# uk tv or radio theme - spanish flea



## pendodave (Oct 2, 2015)

Ok, so my son's school bank are playing Spanish Flea as one of their pieces. If you as old as me (born mid 60s) you'll instantly recognise it as a tv or radio theme/backing track.

However...

It turns out that there is no record on well known search engines of where I might have heard it.

To save time wasters, here are some things it is NOT

1. The US tv Show 'the dating game'. I know it technically is, but there is no way on God's green earth I would have seen this as a kid.
2. It's a knockout
3. Man about the house
4. Sale of the Century
5. Conveyor music from Generation game.
6. Pro celebrity golf

(anyone suggesting one of the above should have to contribute Â£1 to H4H....)

All online questions draw a blank along the lines of 'everyone knows it, but no-one knows where it's from'.

Answers preferred with Youtube clip !

It will drive you nuts....


----------



## Norrin Radd (Oct 2, 2015)

cant ever remember it being a theme tune to any tv or radio prog.it was used as incidental music for plenty of shows though.


----------



## chrisd (Oct 2, 2015)

In even older and can't remember it being a tv theme. If I remember it was played by Herb Alpert?


----------



## upsidedown (Oct 2, 2015)

No nor me, pretty sure it spawned some TV themes though .


----------



## Deleted member 16999 (Oct 2, 2015)

pendodave said:



			Ok, so my son's school bank are playing Spanish Flea as one of their pieces. If you as old as me (born mid 60s) you'll instantly recognise it as a tv or radio theme/backing track.

However...

It turns out that there is no record on well known search engines of where I might have heard it.

To save time wasters, here are some things it is NOT

1. The US tv Show 'the dating game'. I know it technically is, but there is no way on God's green earth I would have seen this as a kid.
2. It's a knockout
3. Man about the house
4. Sale of the Century
5. Conveyor music from Generation game.
6. Pro celebrity golf

(anyone suggesting one of the above should have to contribute Â£1 to H4H....)
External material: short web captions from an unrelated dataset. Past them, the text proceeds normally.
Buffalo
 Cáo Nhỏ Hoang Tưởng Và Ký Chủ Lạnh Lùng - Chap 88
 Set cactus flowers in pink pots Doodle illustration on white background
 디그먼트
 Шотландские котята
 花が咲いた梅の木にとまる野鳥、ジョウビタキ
All online questions draw a blank along the lines of 'everyone knows it, but no-one knows where it's from'.

Answers preferred with Youtube clip !

It will drive you nuts....
		
Click to expand...

From Wiki
The tune has been featured in four episodes of The Simpsons: "The Otto Show", "Team Homer", "Sunday, Cruddy Sunday", and "Natural Born Kissers".

In the fingerprint scene in Rosewood's home in Beverly Hills Cop II, Eddie Murphy (playing Axel Foley) and Judge Reinhold (playing Billy Rosewood) improvised the idea of humming the tune. When Taggart (John Ashton) asks what the tune is, Rosewood replies, "The Dating Game!"

In the 1997 film Perdita Durango, the two main characters happily groove to the song while abducting two teenagers.

In an episode of The Smell of Reeves and Mortimer, Vic Reeves plays the song through a prosthetic arm.

In the Philippine Noontime show It's Showtime on ABS-CBN, this song was played for taking a picture of a person's face with a frame called "Face Dance".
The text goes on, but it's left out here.